> **TASK DETAILS**
An exact reproduction of the listing, minus the pictures, is the required output.

> **DATA SHOWN**

::::::

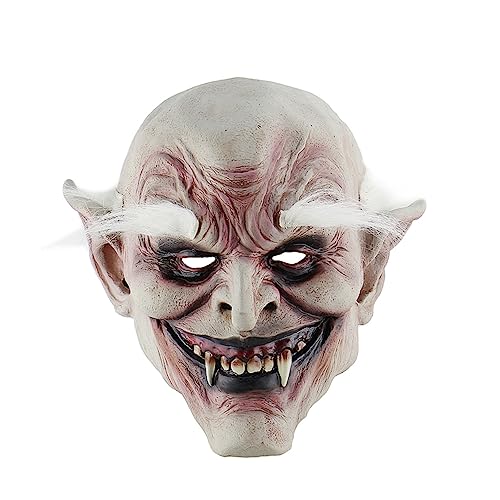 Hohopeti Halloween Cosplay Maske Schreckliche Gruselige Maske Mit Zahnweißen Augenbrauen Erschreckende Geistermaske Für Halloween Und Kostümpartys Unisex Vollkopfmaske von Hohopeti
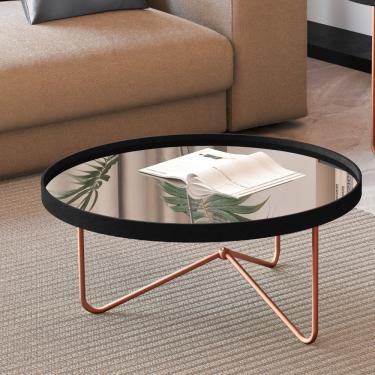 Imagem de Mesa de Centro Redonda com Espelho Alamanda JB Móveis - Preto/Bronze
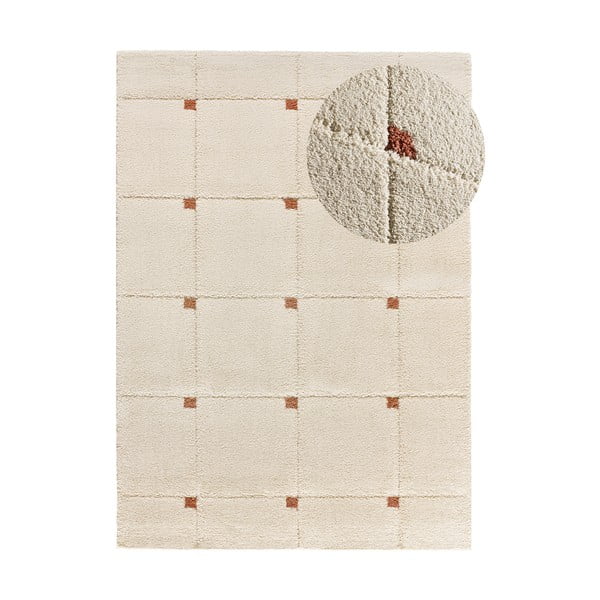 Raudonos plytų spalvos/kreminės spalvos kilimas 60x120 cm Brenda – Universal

::::::

> **WRITTEN RESPONSE**
 Hohopeti Halloween Cosplay Maske Schreckliche Gruselige Maske Mit Zahnweißen Augenbrauen Erschreckende Geistermaske Für Halloween Und Kostümpartys Unisex Vollkopfmaske von Hohopeti
 Imagem de Mesa de Centro Redonda com Espelho Alamanda JB Móveis - Preto/Bronze
 Raudonos plytų spalvos/kreminės spalvos kilimas 60x120 cm Brenda – Universal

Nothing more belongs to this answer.